• Raw data:
[Start of Attachment]
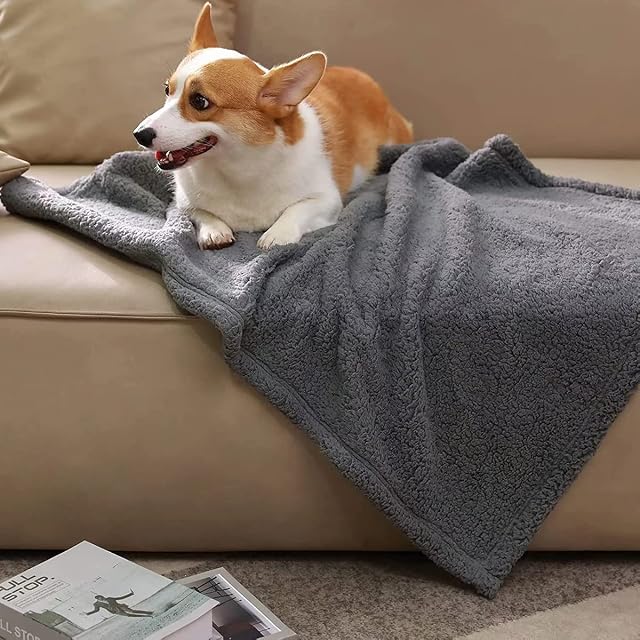 WEASHUME 100% Waterproof Dog Blanket Dog Couch Cover Pet Blanket Pee Proof Soft Dog Cat Bed Furniture Cover for Large Dogs and Cats Sofa Couch Bed Cover Dark Grey M 70 X 100cm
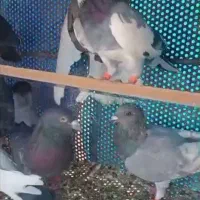 ده تا نر پلاکی و دورگ|پرنده|شیراز, دشت چنار|دیوار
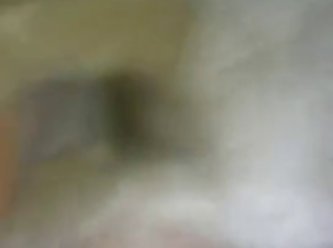 Animal Sex Brutal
[End of Attachment]
• About this task: Every line of the material is to be quoted exactly, with no pictures carried over.

• Expected output:
 WEASHUME 100% Waterproof Dog Blanket Dog Couch Cover Pet Blanket Pee Proof Soft Dog Cat Bed Furniture Cover for Large Dogs and Cats Sofa Couch Bed Cover Dark Grey M 70 X 100cm
 ده تا نر پلاکی و دورگ|پرنده|شیراز, دشت چنار|دیوار
 Animal Sex Brutal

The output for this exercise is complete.